Sunday, February 08, 2009

Gading Retak Sastra Maya
by : Theresia Purbandini

Di tengah minimnya apresiasi terhadap dunia sastra, muncullah karya-karya sastra yang diciptakan oleh sastrawan-sastrawan yang eksis melalui dunia maya. Perspektif mereka sebagai sastrawan dihadirkan pada ruang-ruang situs dengan segala kemungkinan dan keberagaman yang mereka miliki.

Diakui oleh Gratiagusti Chananya Rompas sebagai salah satu pendiri komunitas Bunga Matahari, sastra cyber adalah perluasan medium karya sastra yang memanjakan para penyair dengan fasilitas dunia maya. “Awalnya saya terdorong karena milis Bunga Matahari. Di sana kita dapat bertemu dengan orang-orang yang memiliki ketertarikan sama, berinteraksi, lalu dengan mudah menayangkan tulisan melalui blog,” ujar penyair yang baru saja menerbitkan buku Kota Ini Kembang Api ini.

Hal yang sama dikemukakan oleh Tiara Aurelia Widjanarko yang juga aktif di komunitas yang sama. “Sekadar sharing mulanya." Ternyata medium yang amat bergantung terhadap listrik ini, bisa dibilang menjadi media alternatif untuk memajang karya sastra dan juga menjembatani si penulis dengan pembacanya.

Namun angin baru dalam dunia sastra Indonesia, yang telah bertiup sejak kurang lebih satu dasawarsa ini, dianggap Tiara yang juga aktif mengajar sebagai dosen dan penyair ini, tak ubahnya ‘Tak Ada Gading Yang Tak Retak’. “Meski membantu, tapi dengan pengalaman kognitif seorang penyair melihat sejumlah karya lainnya secara mudah dan bebas, akan menimbulkan risiko menghilangkan jati diri bagi penyair yang belum mapan. Terkadang, banyaknya pilihan referensi dapat membiaskan karya yang diciptakannya,” ujar penyair yang meraih gelar S1 dari Fisip Universitas Pelita Harapan dengan predikat cum laude ini.

Pintu Masalah Baru

Pendapat Tiara diamini Anya yang merasa kelahiran sastra cyber membuka pintu masalah baru. “Selain menawarkan solusi, sastra cyber ini juga menambah masalah baru. Saya sebagai penggiat web maupun blog, hanya ingin berkreasi dan menjalaninya saja, tanpa ingin ikut campur dengan persoalan otensitas ini,“ ujar penggiat blog yang juga merupakan pendiri Iris Pustaka.

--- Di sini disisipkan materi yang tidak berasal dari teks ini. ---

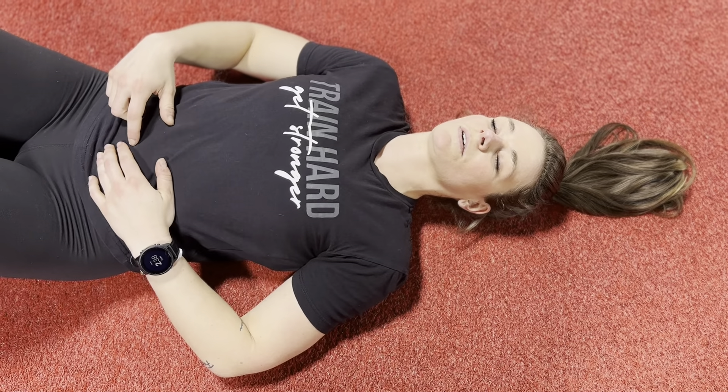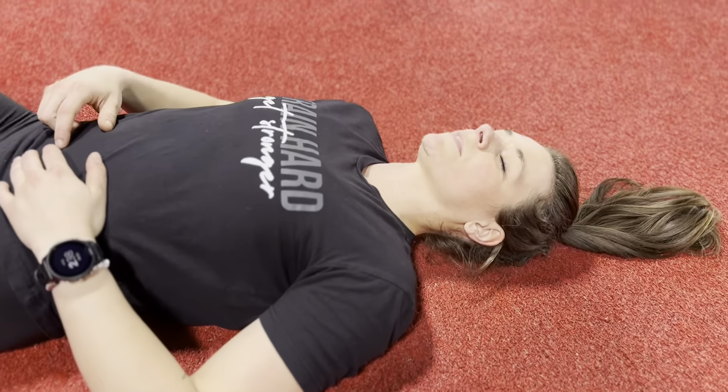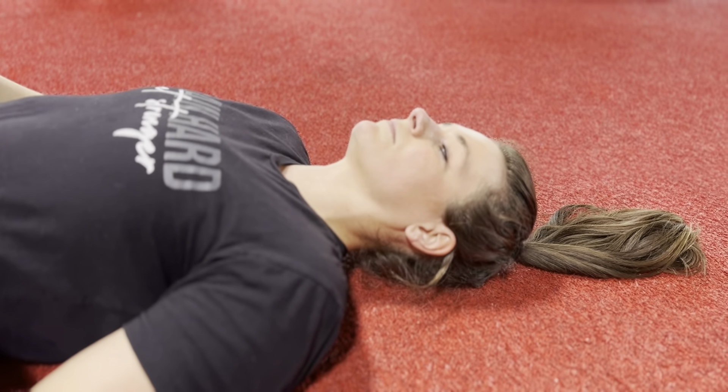Neck retractions. So for neck retractions, you want to start laying on the ground, slightly press the back of your head into the ground, and you'll start in an isometric position, meaning you're going to push against the ground.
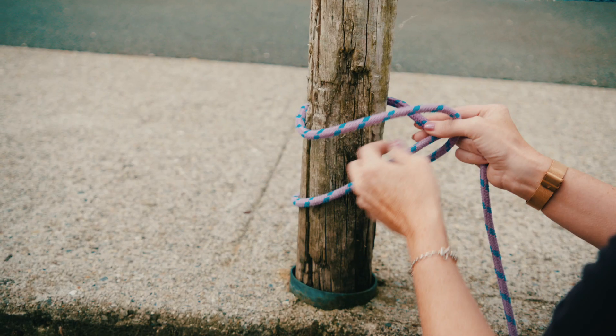Learning how to tie knots is one of the most useful things that you will learn when you start to sail. Today I'm going to show you a few different knots, how to use them and where they're going to be used.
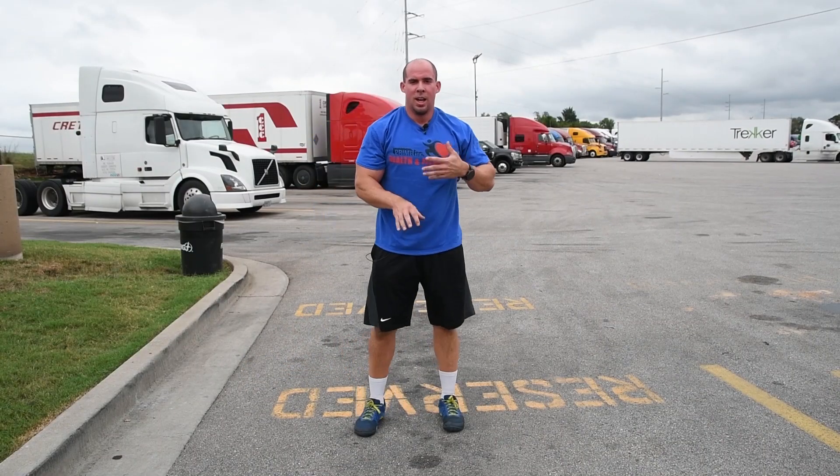Four minutes down — a lot of sweat and a lot of heavy breathing — but a great workout. Hope you guys enjoyed it.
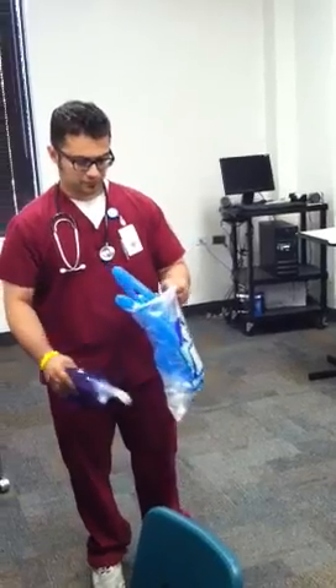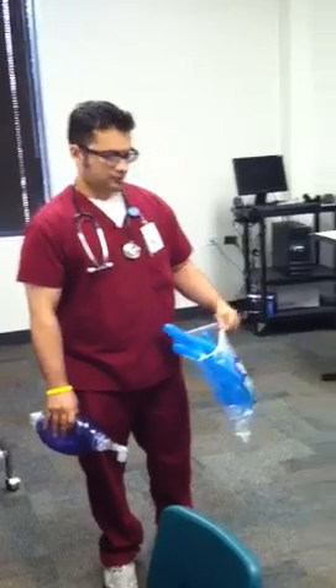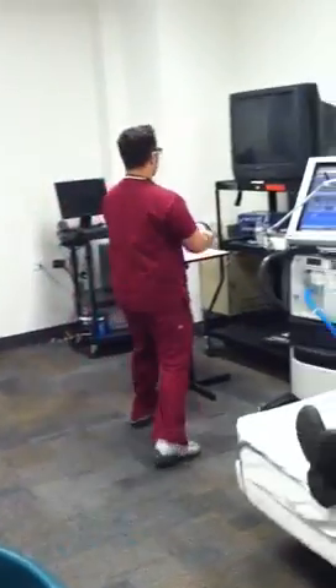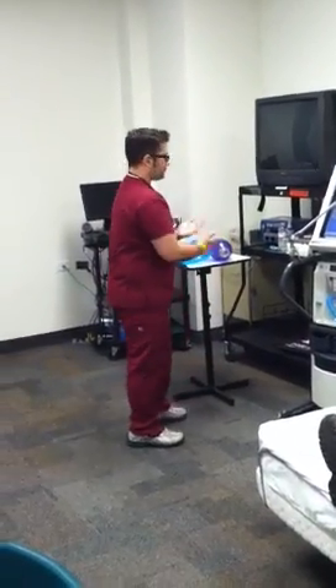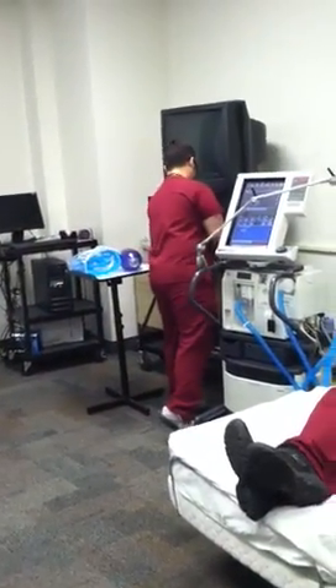First, Art gathers the equipment: obtains circuit humidifier, manual resuscitator bag, suction catheters, and a plastic bag for the used circuit. He maintains asepsis, washes hands, and observes universal precautions, utilizing gloves according to clinical facilities' policies and procedures.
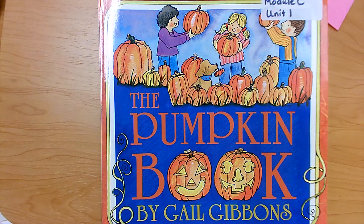Hi students! Today we're going to look at part of this book. This is The Pumpkin Book by Gail Gibbons. The topic for this book is all about pumpkins. They teach us a lot of key details about pumpkins — how they're grown, about different kinds of pumpkins, and about what you can make with pumpkins.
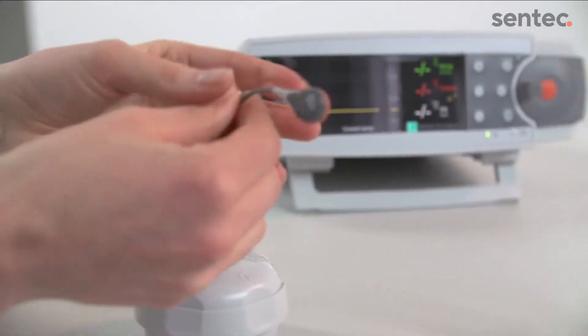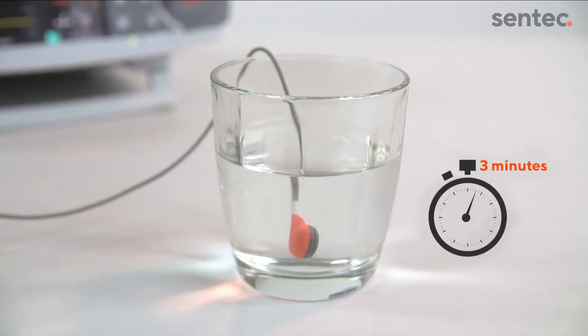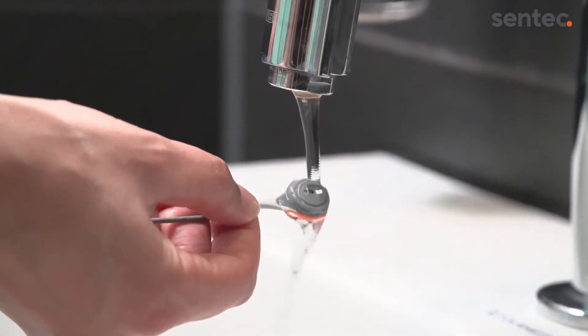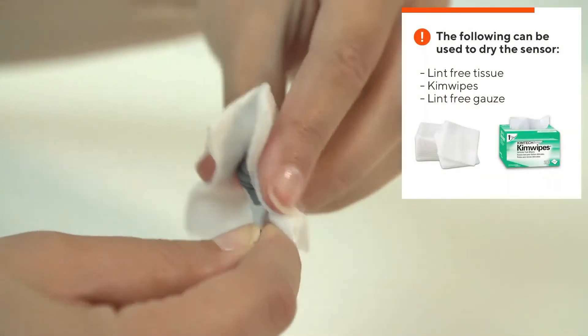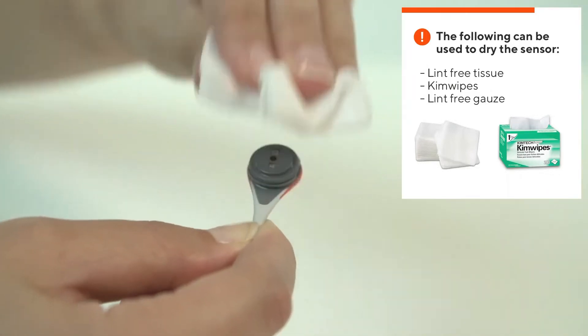Once the membrane is removed, immerse the sensor into clean room temperature water for 3 minutes. After the 3-minute soak, gently rinse the sensor with clean water. Dry the grooves around the sensor with clean, lint-free gauze and make sure there is no gel residue remaining in the grooves.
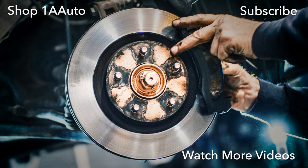Visit us at 1AAuto.com for quality auto parts, fast and free shipping, and the best customer service in the industry.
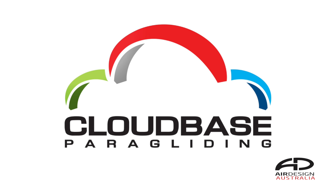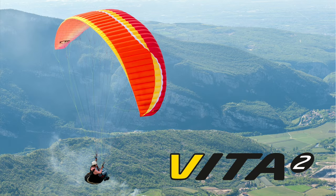Hi guys, Mark from CloudBase with a walk-around video for the very new AirDesign Vita 2. We just received the first production Vita 2 on the planet, and we thought we'd go over it with you.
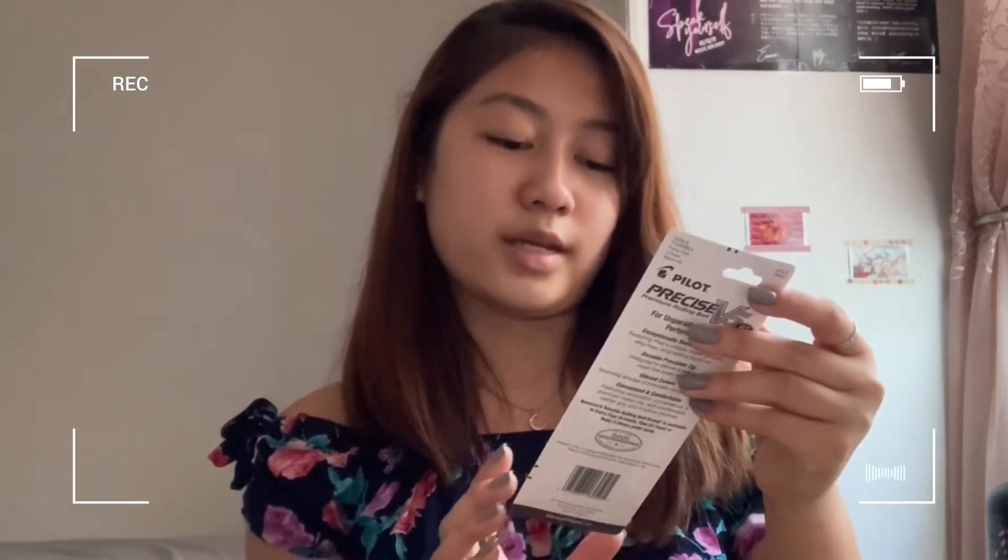Number two pencils, because this is very important — during exams you're not able to use mechanical pencils, so these are very helpful. I also got more pens: this is Pilot smooth and precise.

Kehadiran situs-situs yang memperkaya pola pikir dengan berbagai karya sastra yang telah diolah dalam beragam bahasa, memberikan peluang untuk menikmati buah refleksi pemikiran dan pergulatan sastrawan dengan situasi global. Karena sastra cyber tak hanya dapat diakses melalui web atau blog tertentu saja, tapi juga melalui media mailing list yang membuat jalinan pergaulan sastrawan tak lagi mengenal batas dunia.

Lewat situs-situs seperti taman penyair bisa dinikmati suguhan bahasa penyair-penyair Indonesia seperti Rendra, Goenawan Mohamad dan yang lainnya. Ketika berselancar di situs taman dongeng akan berhadapan dengan cerita-cerita pendek. Selain itu, bila menjelajah ke situs taman gagasan akan mendapatkan peluang memperoleh informasi dan pemikiran tentang kesusastraan dan kebudayaan.

Bagi blogger seperti Tiara dan Anya yang memang sengaja memuat karyanya di situs pribadi, sastra cyber menjadi media yang cukup ampuh menyedot animo pembaca dengan cepat. Juga membuka peluang bagi kecenderungan pembaca untuk mengomentari bahkan mencaci dengan segera. “Komentar dan kritik bukan untuk dijauhi, namun juga tak dapat dihindari. Karena semua orang punya hak untuk berkomentar. Inilah yang membuat sastra cyber lebih cepat berkembang dibanding sastra cetak,” ujar Anya tanpa bermaksud memprovokasi.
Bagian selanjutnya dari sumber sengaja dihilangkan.